I'm sorry to hear your story and for what you're going through. Probably everybody on this site can relate. You're still in the hardest stage of the discard. I'm very familiar with the confusion and the blaming of yourself—especially after they blame you for everything! You know this, but you're not a POS. If anything, you sound like a very decent, reasonable, self-aware individual!

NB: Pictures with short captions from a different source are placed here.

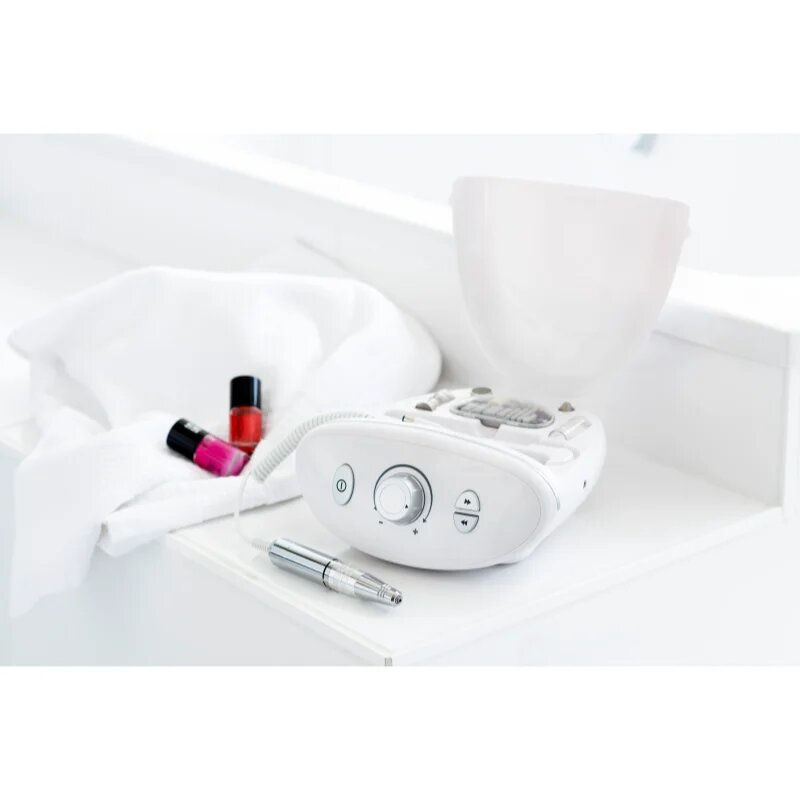 BEURER MP 100 set pro perfektní manikúru 1 ks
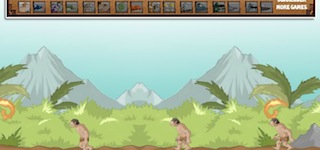 Гра Епоха війни 3: новий розвиток - грати онлайн безкоштовно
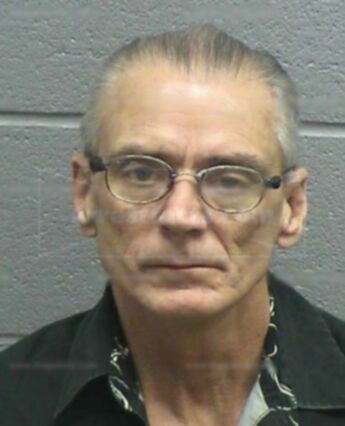 Jerry Don Eubanks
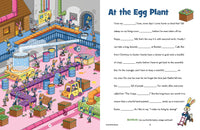 Easter Tales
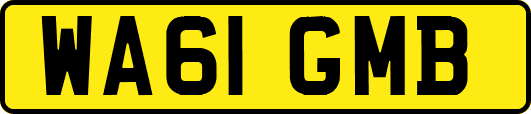 WA61GMB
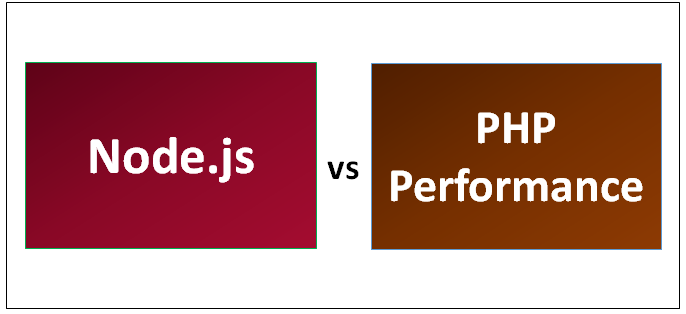 Node.js vs PHP Performance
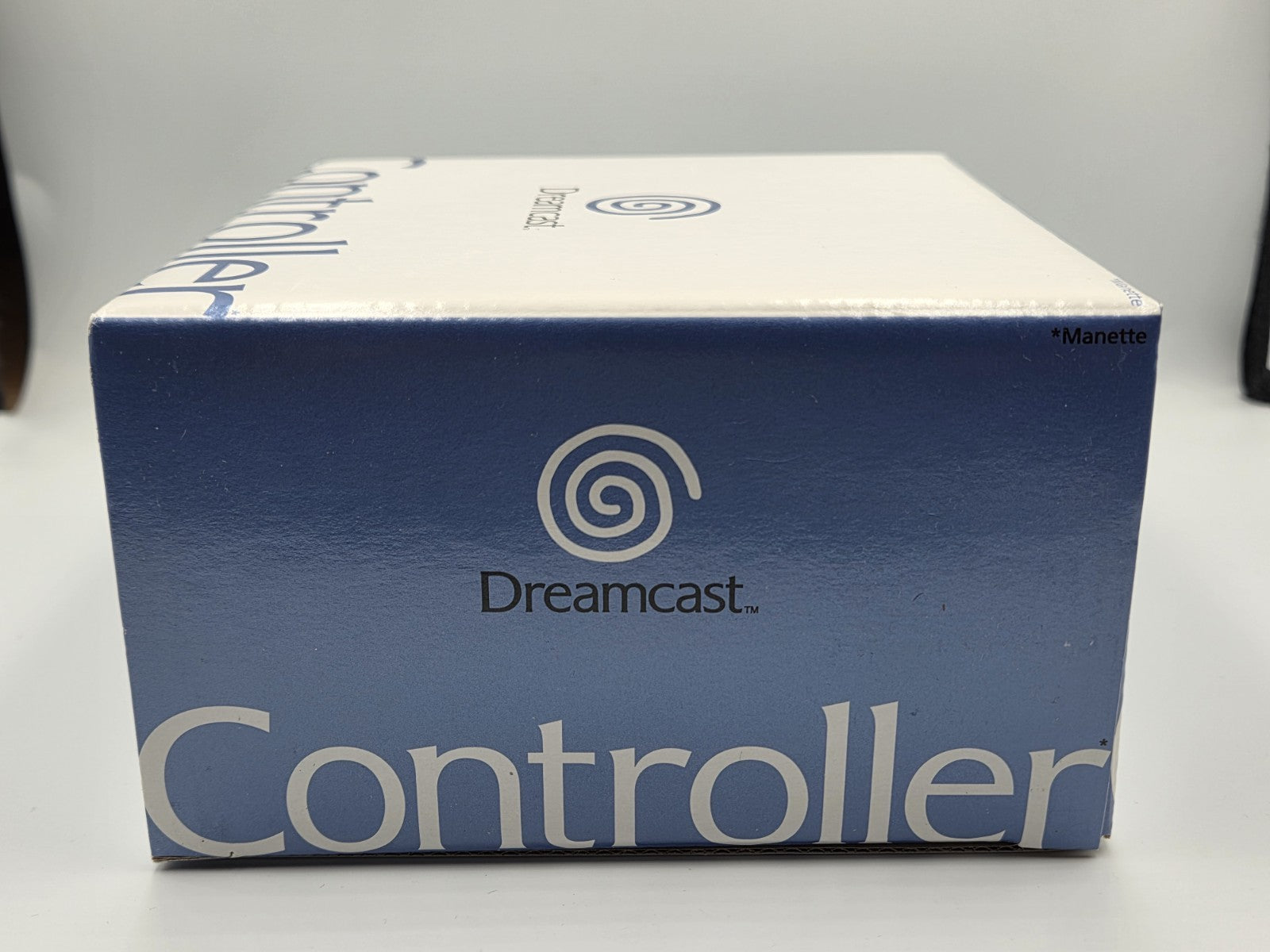 Sega Dreamcast Controller Joystick  OVP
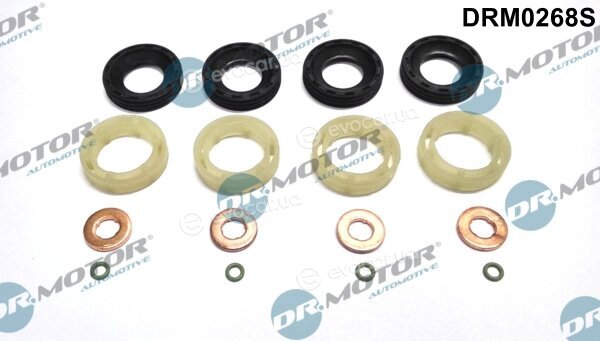 Dr. Motor DRM0268S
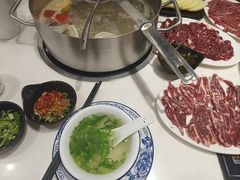 -陈记顺和潮汕牛肉火锅(韩江路店)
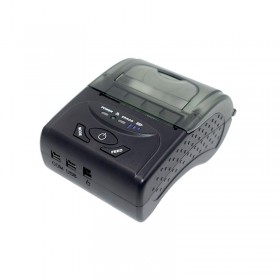 Φορητός θερμoεκτυπωτής Bluetooth - 5807 - 080254 Φορητός θερμoεκτυπωτής Bluetooth - 5807 - 080254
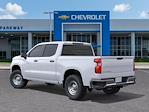 New 2026 Chevrolet Silverado 1500 Work Truck Crew Cab for sale #TG414595 - photo 3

I'm just here to say that it's going to get better. The intensity of the feelings will settle, and soon enough the intellectual side of your mind with override the emotional side, and you'll see your ex-wife as the deeply troubled person she is. It wasn't your fault. It doesn't mean the pain and difficult feelings will entirely go away, but you'll be able to create some distance from them. Then you can really start working on yourself, putting things in place to feel good about yourself and your life, and start moving beyond what happened. That dark place you mentioned is scary—I know because I've been there—but having been there will give you a new kind of perspective. It can be a valuable learning experience if you let it.

That will all come with time. For now, it sounds like you're doing all the right things. And you're not alone.

Thank you very much for that nice reply. Day by day, little by little, I see everything you said happening - albeit slowly. Fortunately, there is enough of the old me remaining that I will use this as a growing experience and feel that I will be a better person because of it. I’m not mad, angry, vengeful, etc; just sad, disappointed, and hurt.